**WHAT TO PRODUCE**
Omit all images, then repeat exactly the lines below from the one containing "Pressed Steel Fixed" through the one containing "Merlion Fountain Singapore", both ends included.

**DATASET RECORDS**
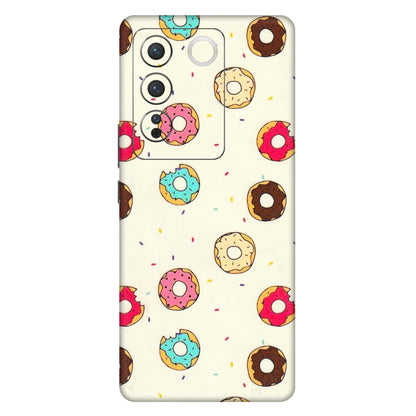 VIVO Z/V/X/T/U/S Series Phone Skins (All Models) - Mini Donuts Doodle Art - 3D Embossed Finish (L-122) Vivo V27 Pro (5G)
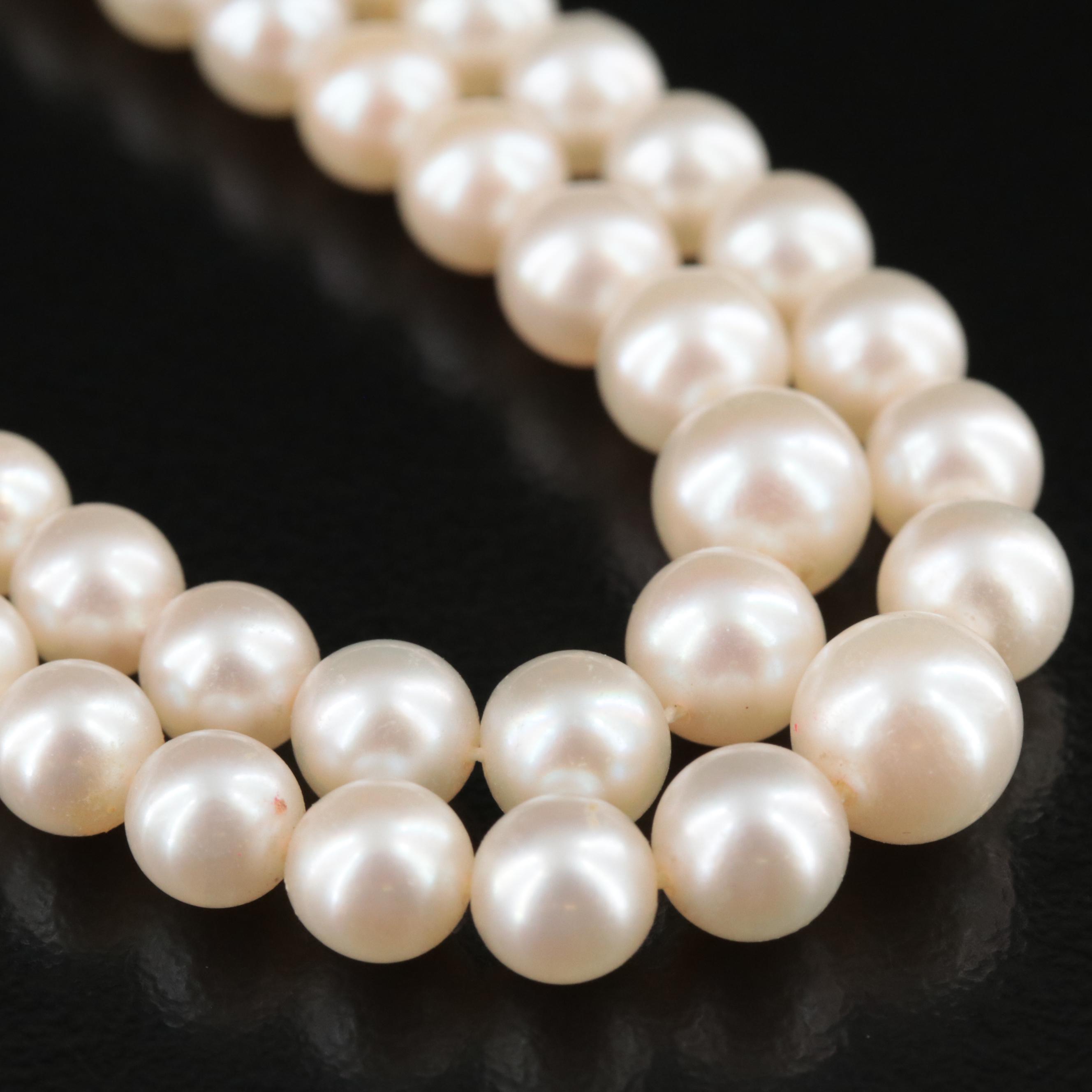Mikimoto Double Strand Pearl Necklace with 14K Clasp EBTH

--

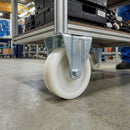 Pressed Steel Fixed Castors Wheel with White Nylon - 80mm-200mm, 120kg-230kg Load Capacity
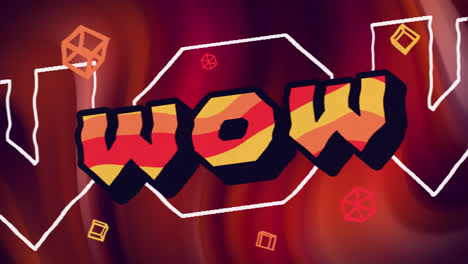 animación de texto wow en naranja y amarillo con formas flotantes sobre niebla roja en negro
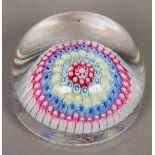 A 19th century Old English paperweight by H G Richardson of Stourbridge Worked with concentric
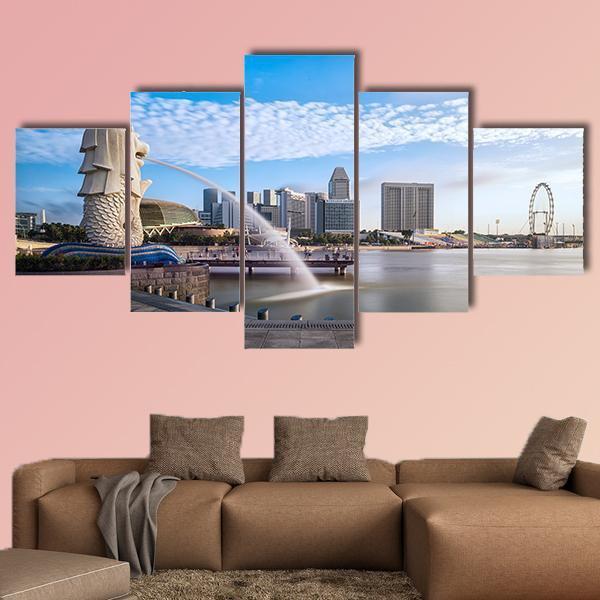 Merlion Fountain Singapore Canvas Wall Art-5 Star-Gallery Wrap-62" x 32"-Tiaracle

**ANSWER BOX**
 Pressed Steel Fixed Castors Wheel with White Nylon - 80mm-200mm, 120kg-230kg Load Capacity
 animación de texto wow en naranja y amarillo con formas flotantes sobre niebla roja en negro
 A 19th century Old English paperweight by H G Richardson of Stourbridge Worked with concentric
 Merlion Fountain Singapore Canvas Wall Art-5 Star-Gallery Wrap-62" x 32"-Tiaracle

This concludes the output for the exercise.